If God had allowed or ordained the existence of a real counter-future or counterfactuals along with His ordinance of the certain-future, then the argument for libertarian free will is also lost and the proponent of such a theory would have to face the` same criticisms he makes of the compatibilist: why is God not the author of evil if He even allows a future wherein men are capable of choosing to do evil things and if God exists then why is there evil? Also if the counterfactuals are known in the mind of God, then creatures still do not actually posses the power of contrary choice; they cannot do otherwise because God perfectly knows even the choice they didn’t or wouldn’t make. If God knew of our choices ahead of time, no matter what the number of possible alternative counter-futures, then He still has to answer to the same objection normally posed to the Compatibilist—Is man free if he could not have chosen otherwise? If God created the tree of the knowledge of good and evil knowing that Adam certainly would sin and take the fruit and yet He created it anyway. The Molinist is then subject to the same criticism that is leveled here. I suppose that is one of the reasons Pinnock (who was formerly a professor at Westminster) has become an open theist. He is honest enough to admit the futility of the middle knowledge model. If the counterfactuals are conceived of in the mind of God, then He is not protected for being the author of evil, as the Molinist would count that protection. So in order to maintain consistency within the Molinist’s own system, God cannot be the creator or the source of these alternate outcomes; therefore they must find their source elsewhere, and the only other place is in the creature that chooses. But this demands that the knowledge of the future choices of creatures that did not yet subsist, exist before the creatures that are necessary for the decree as ordinances of the future choices. This situation is as impossible as a shadow without a substance; a reflection without an object to be reflected. Listen to one modern day Molinist as he identifies this necessity.
   “According to Molinists, God uses his knowledge of counterfactuals of creaturely freedom which are contingent and prevolitional in deciding which persons to create in which situations.
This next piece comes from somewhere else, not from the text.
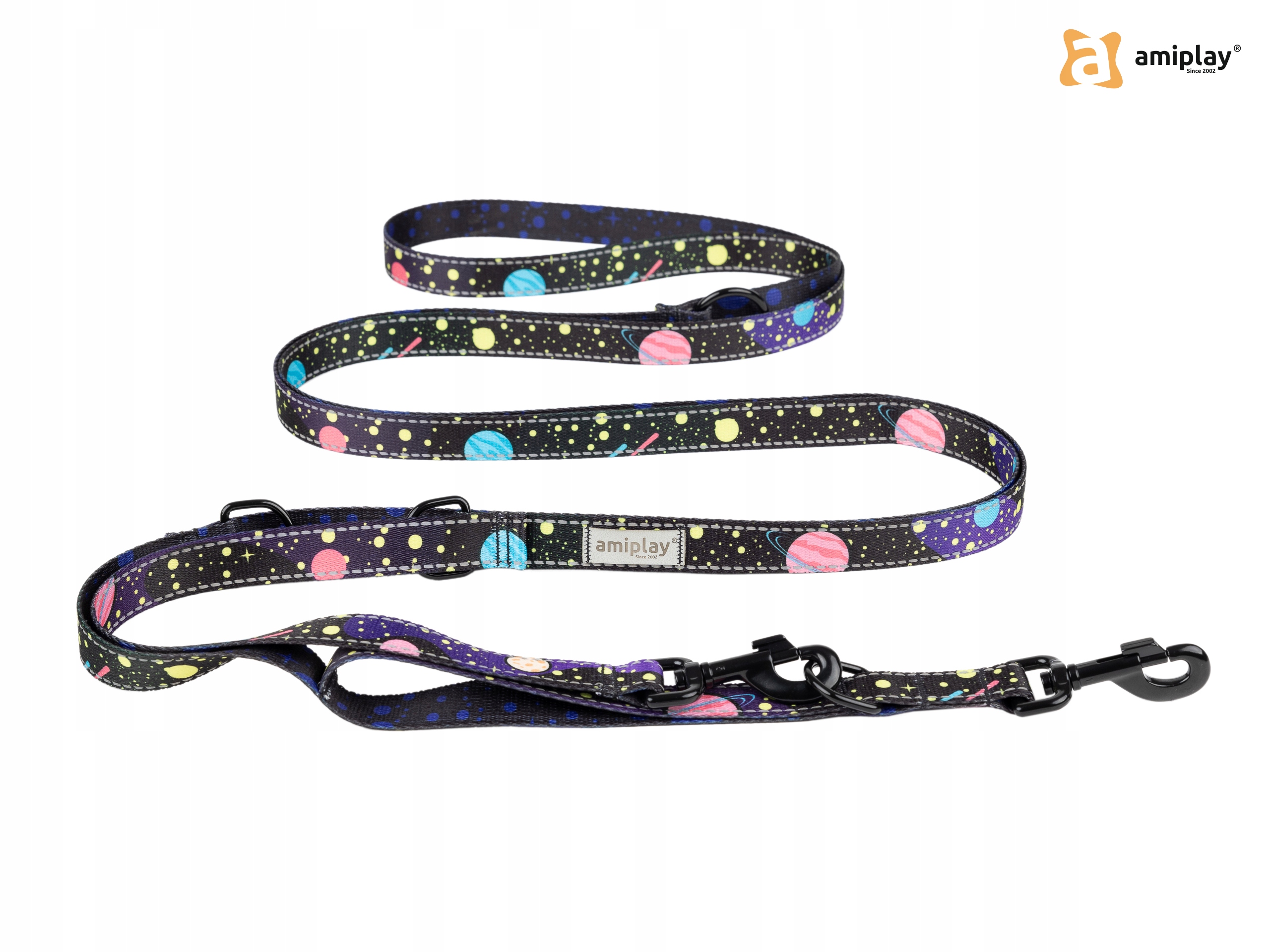 Amiplay BeSpace smycz regulowana 8 in 1 Milkyway rozmiar L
But if such counterfactuals are contingent, they might not have been true. Who then, makes them true? Or to phrase the question more carefully: Who or what actually causes the ones that are true to be true, and the ones that are false to be false? In whose actual activity are we to find adequate metaphysical grounds for such truths...Could God be the one who by himself causes their truth? Clearly not. The truths in question are supposed to be true prior to, and hence independent of God’s will. To suggest that God can decide which such counterfactuals are to be true is to abandon the libertarian standpoint essential to Molinism. ”
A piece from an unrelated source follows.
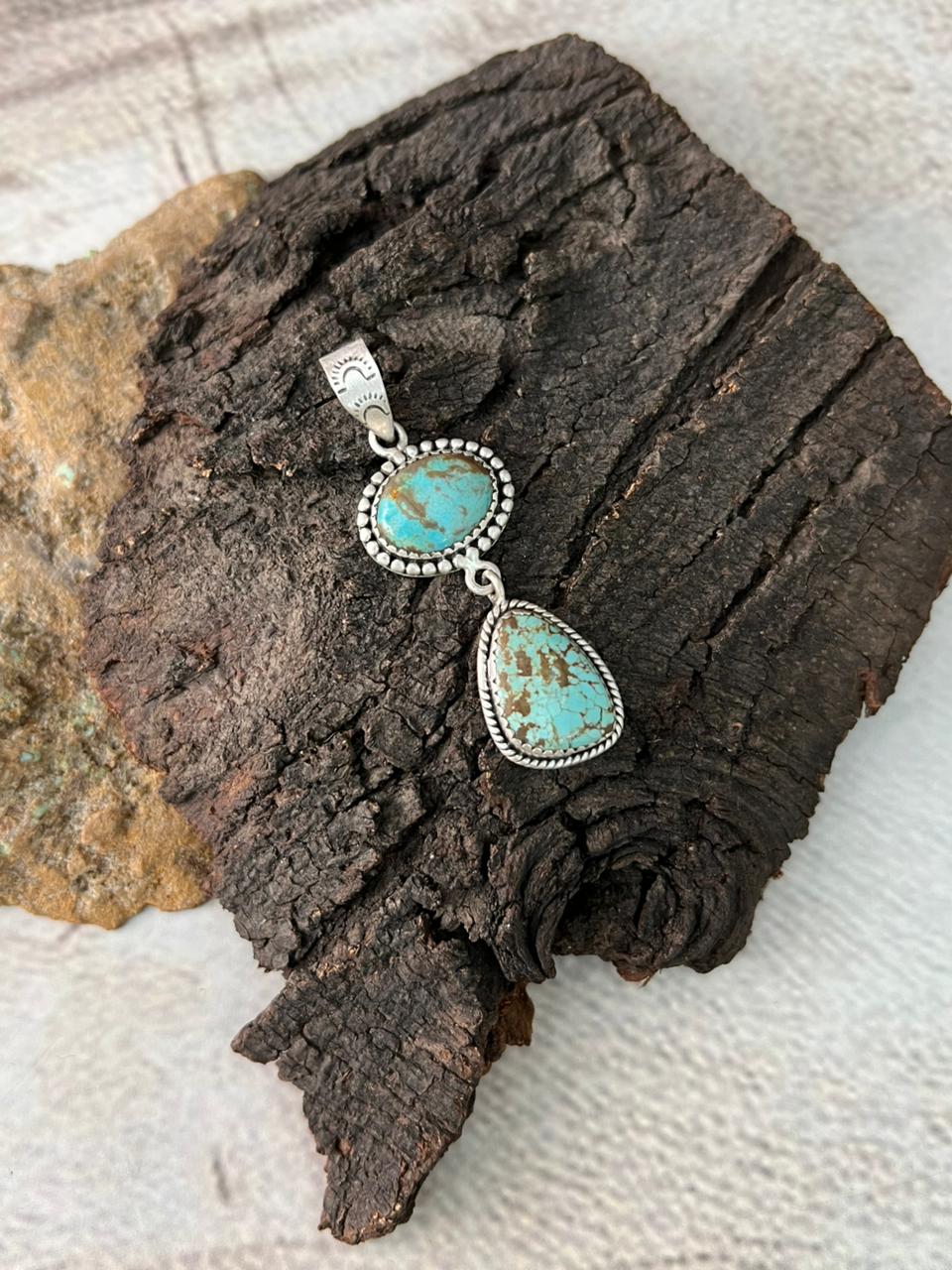 Handmade Sterling Silver Number 8 Turquoise Pendant "Signed Nizhoni"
   If counterfactuals exist outside of God, or they are not thoughts generated in the mind of God then He is ultimately subject to them (even if their number is infinite). He must observe them from a point completely disconnected from them and their creation. The only other option is to conclude that these counterfactuals or the counter-future exists in eternity past because of the deliberation of potential individuals in the yet written future. They exist simply because they might possibly happen in the future. Imagine that the degree to which there are differing numbers of possible choices a person could make regarding a certain decision, there are that many (however slight) different strands of potential realities resulting from the possibility of each choice being made in time. Imagine eternity past before the foundations of the world: Father, Son, Holy Spirit…and the extemporal, ethereal sets of potential realities—sounds absurd but is that not what is being offered as an alternative to the biblical understanding of the providence of God and the problem of evil? A scenario wherein God knows all the potential realities does not make Him more sovereign, but in fact it denies His sovereignty altogether because that being is made subject to the future and His choices—yes even election—are conditioned upon the preexistence of potential outcomes that He must observe, not determine.